--- START ---
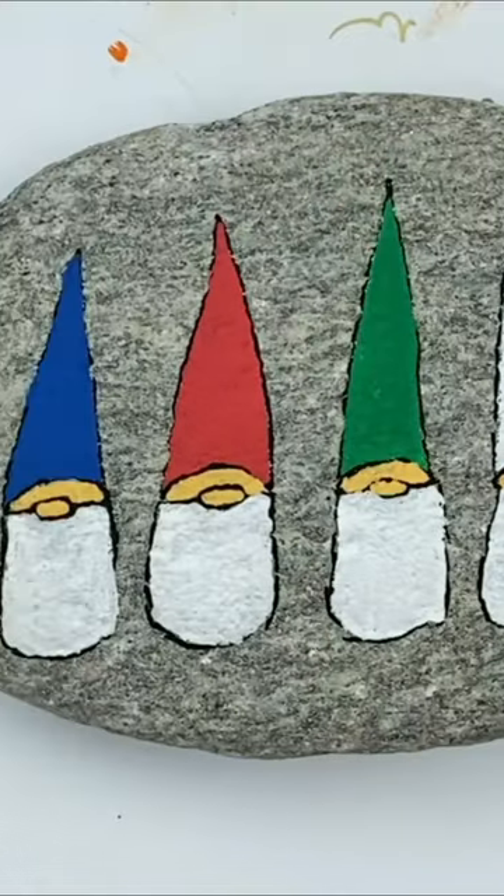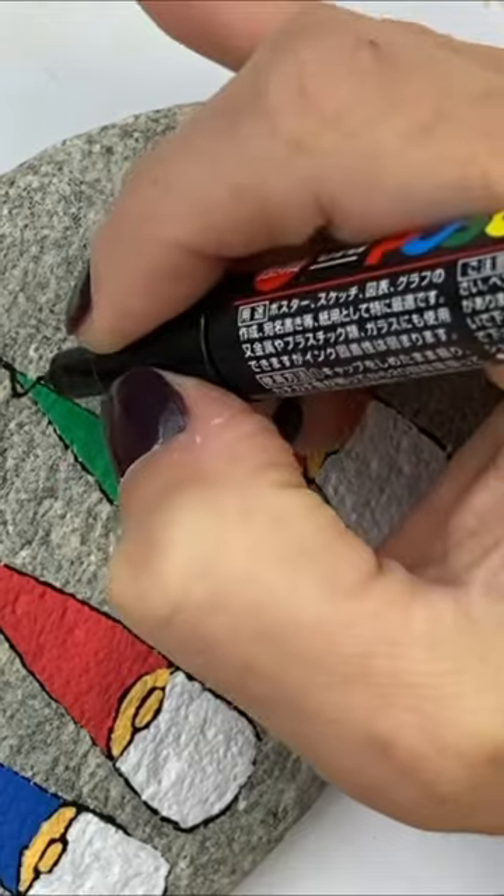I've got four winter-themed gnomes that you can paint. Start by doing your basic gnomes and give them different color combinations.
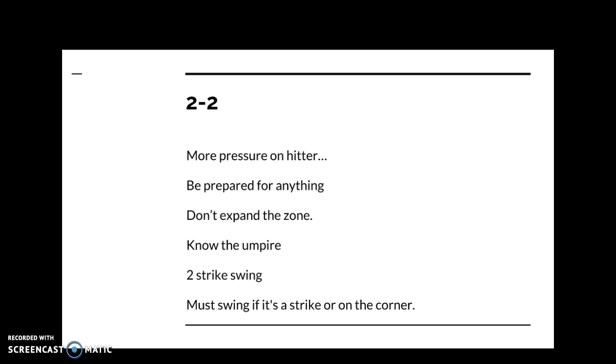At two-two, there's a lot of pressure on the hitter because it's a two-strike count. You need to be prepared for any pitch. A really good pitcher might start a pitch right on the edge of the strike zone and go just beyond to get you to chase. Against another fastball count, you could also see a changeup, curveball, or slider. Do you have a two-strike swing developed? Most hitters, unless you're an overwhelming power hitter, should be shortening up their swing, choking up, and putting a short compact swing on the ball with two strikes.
--- END ---
--- START ---
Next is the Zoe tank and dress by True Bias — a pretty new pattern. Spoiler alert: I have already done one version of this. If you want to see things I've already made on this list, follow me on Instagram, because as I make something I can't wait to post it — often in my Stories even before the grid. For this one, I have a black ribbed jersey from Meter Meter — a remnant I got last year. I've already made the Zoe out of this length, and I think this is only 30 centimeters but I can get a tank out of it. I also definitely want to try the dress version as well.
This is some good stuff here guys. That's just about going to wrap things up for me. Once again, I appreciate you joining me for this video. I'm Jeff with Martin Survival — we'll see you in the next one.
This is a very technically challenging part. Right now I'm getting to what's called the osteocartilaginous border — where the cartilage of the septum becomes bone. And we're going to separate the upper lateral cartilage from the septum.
--- END ---
Requirement → Copy needed, without pictures: the lines of the listing above from the line containing "I've got four" up to and including the line containing "At two-two, there's", set down exactly.

The completed task →
I've got four winter-themed gnomes that you can paint. Start by doing your basic gnomes and give them different color combinations.
At two-two, there's a lot of pressure on the hitter because it's a two-strike count. You need to be prepared for any pitch. A really good pitcher might start a pitch right on the edge of the strike zone and go just beyond to get you to chase. Against another fastball count, you could also see a changeup, curveball, or slider. Do you have a two-strike swing developed? Most hitters, unless you're an overwhelming power hitter, should be shortening up their swing, choking up, and putting a short compact swing on the ball with two strikes.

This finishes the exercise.